**BRIEF**
From the listing below, reproduce exactly the lines starting with the one with "Mirror – Frameless" and going on through the one with "YUEPET Rabbit Hideout", both ends kept. No picture is copied.

=== TASK INPUTS ===

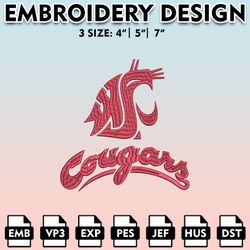 washington state cougars embroidery files, embroidery designs, ncaa embroidery files, digital download.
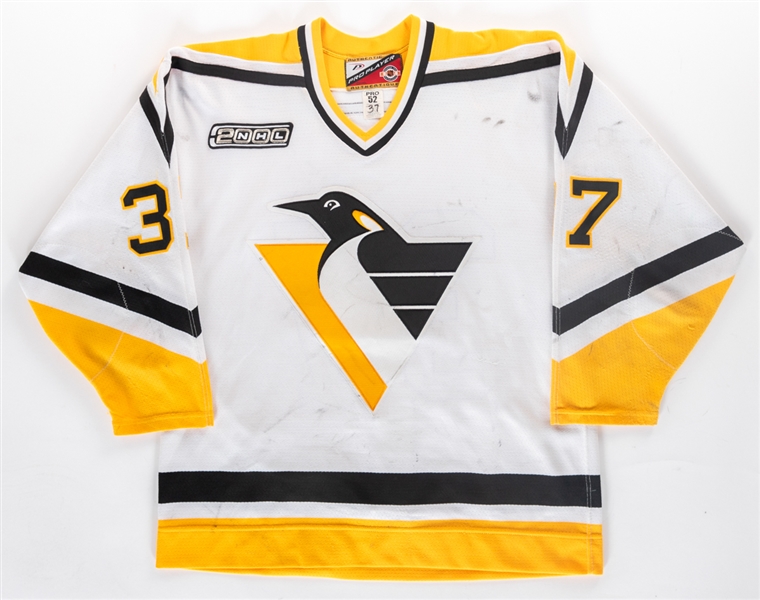 Kip Millers 1999-2000 Pittsburgh Penguins Game-Worn Jersey with LOA - NHL2000 Patch! - Nice Game Wear! 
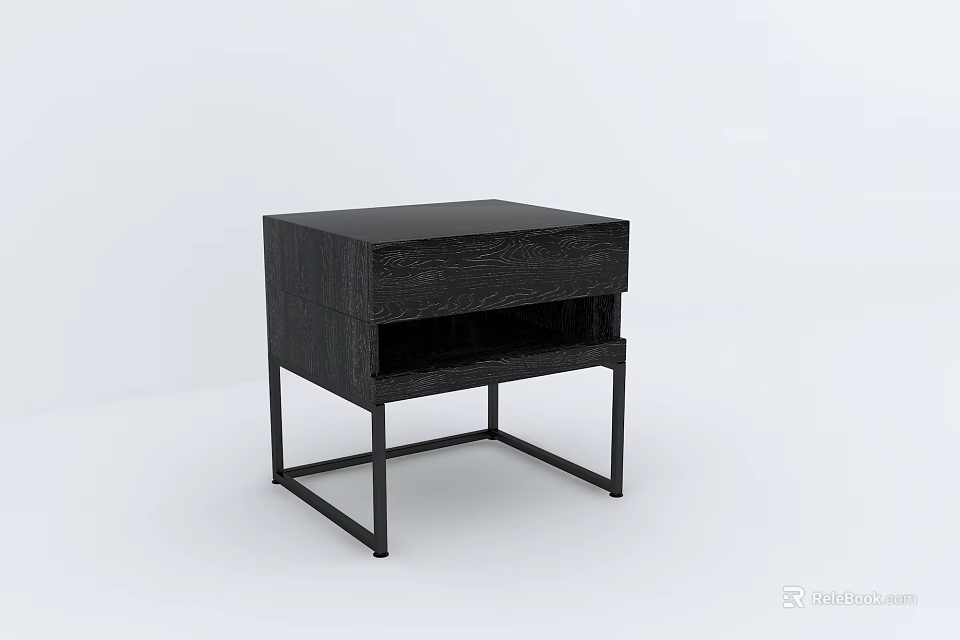 Black Wooden Modern Minimalist Bedside Table With Metal Frame And Drawer Storage 3d model 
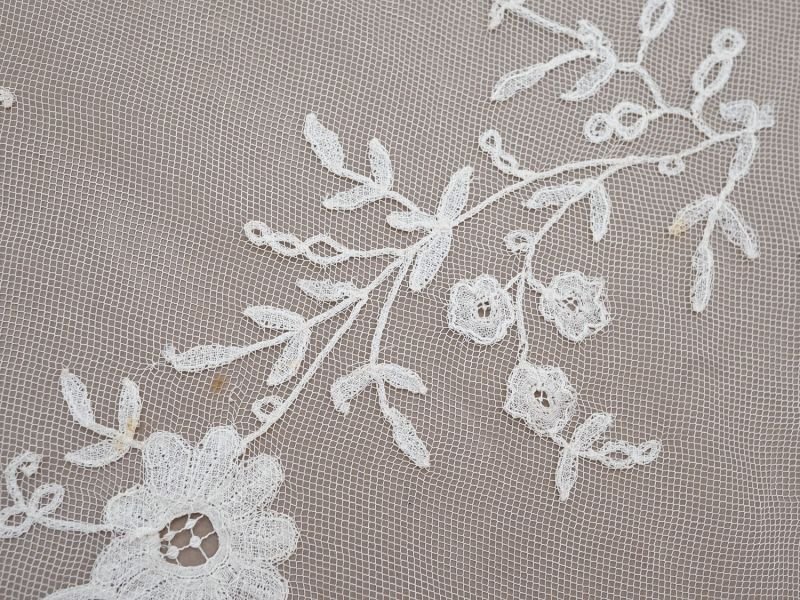画像19: アンティーク ウェディングヴェール 花のモチーフ 約55×258cm アプリカシオン・アングルテール 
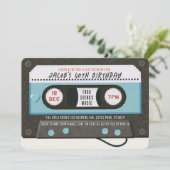 Retro 80's Cassettebandje Music Blue Birthday Kaart (Staand voorkant)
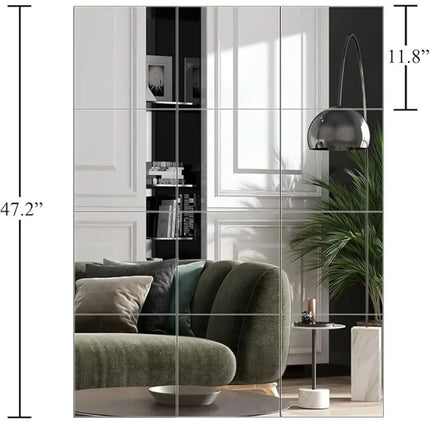 12” Wall-Mounted Acrylic Gym Mirror – Frameless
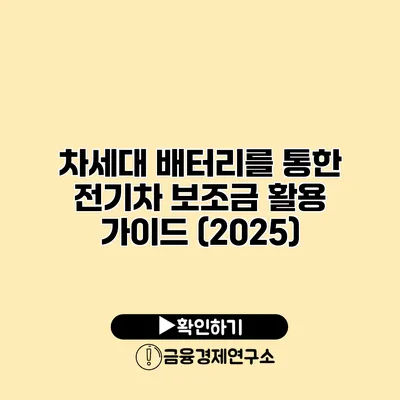 차세대 배터리를 통한 전기차 보조금 활용 가이드 (2025)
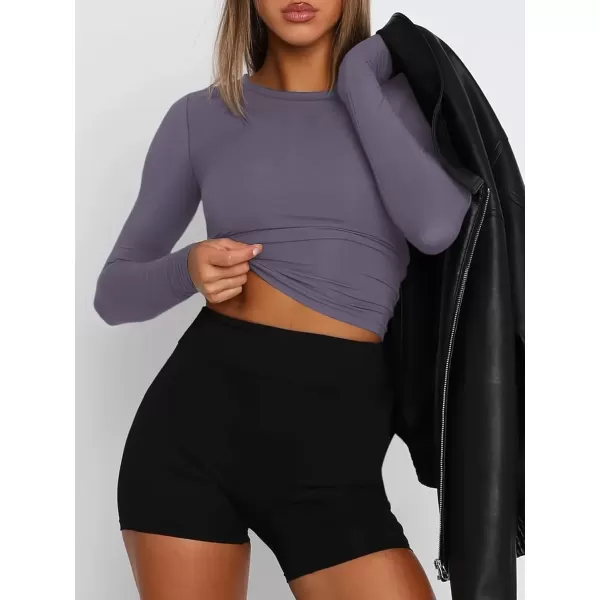 imageATHMILE Womens Basic TShirts Going Out Crop Tops Tight Slim Fit Cute Teen Girls Short SleeveLong Sleeve Y2k Clothes2dark Purple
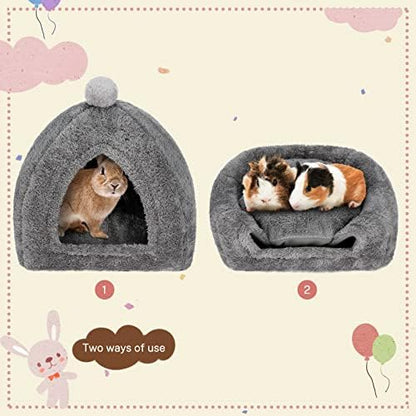 YUEPET Rabbit Hideout House, Large Rabbit Cave Bed, Bunny Triangle House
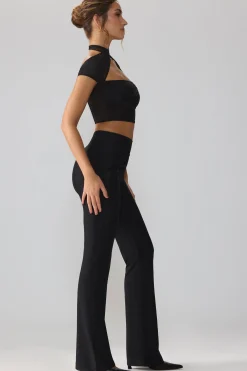 Oh Polly Bottoms | Fall Outfits^Mesh Mid Rise Twist Overlay Flare Trousers in Black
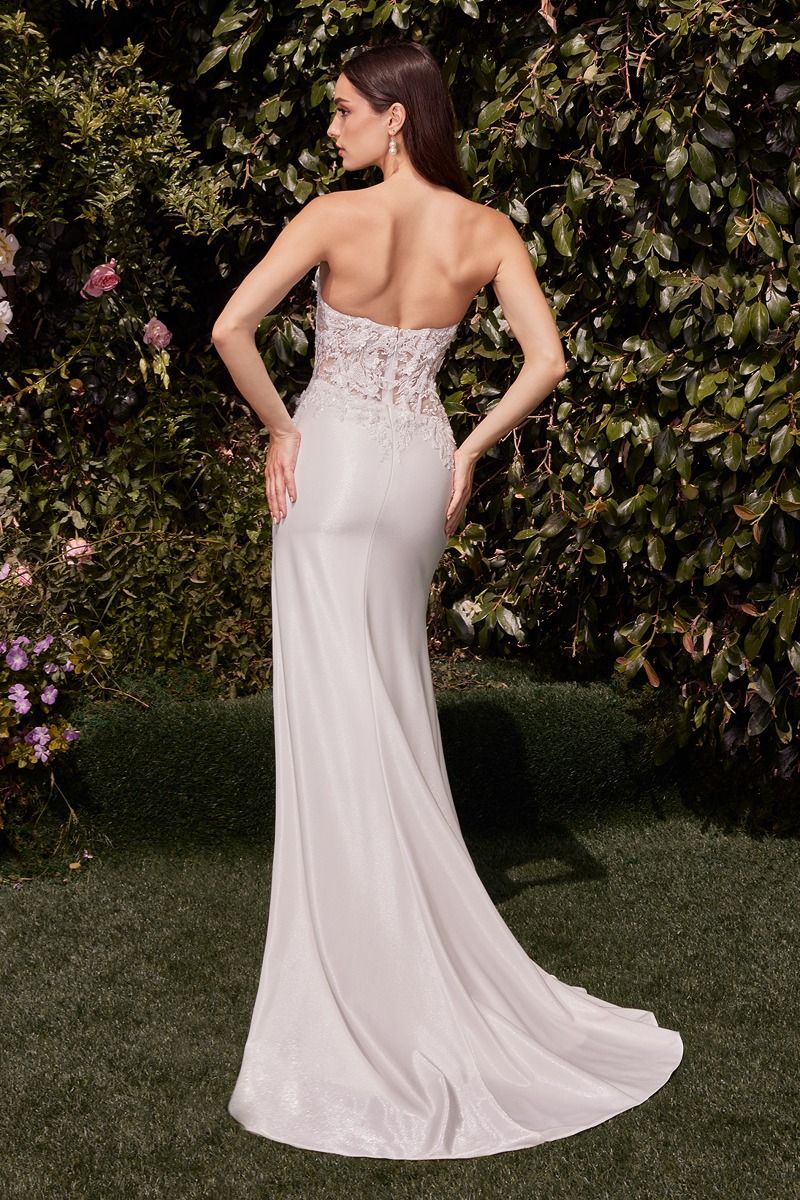 Lace Bodice Strapless Wedding Dress-3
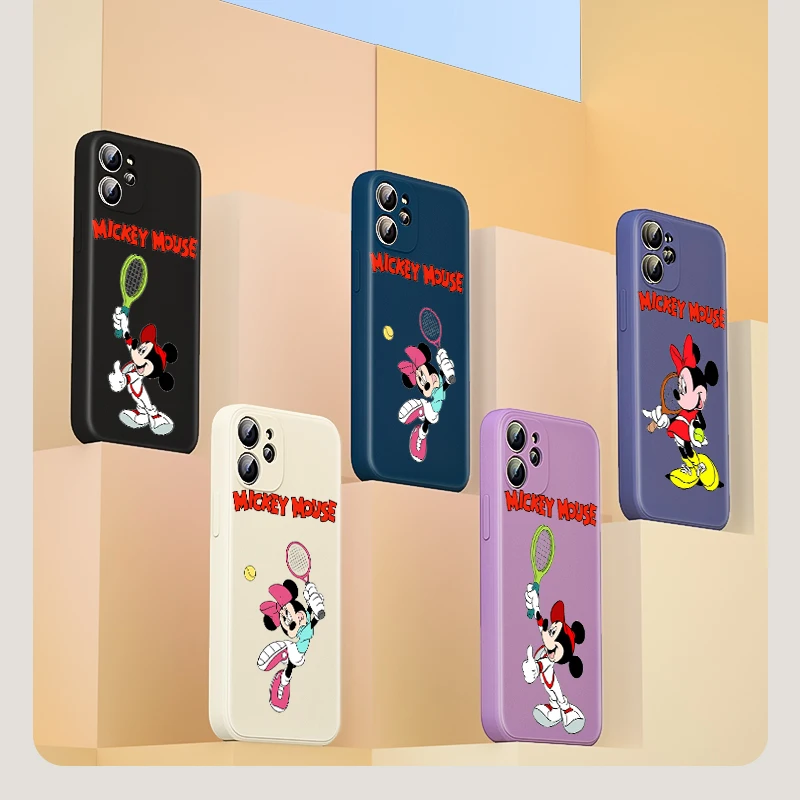 

Mickey Minnie Sports Disney For Apple IPhone 13 12 Mini 11 Pro XS MAX XR X 8 7 6S SE Plus Liquid Silicone Soft Cover Phone Case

===

**YOUR RESPONSE**
 12” Wall-Mounted Acrylic Gym Mirror – Frameless
 차세대 배터리를 통한 전기차 보조금 활용 가이드 (2025)
 imageATHMILE Womens Basic TShirts Going Out Crop Tops Tight Slim Fit Cute Teen Girls Short SleeveLong Sleeve Y2k Clothes2dark Purple
 YUEPET Rabbit Hideout House, Large Rabbit Cave Bed, Bunny Triangle House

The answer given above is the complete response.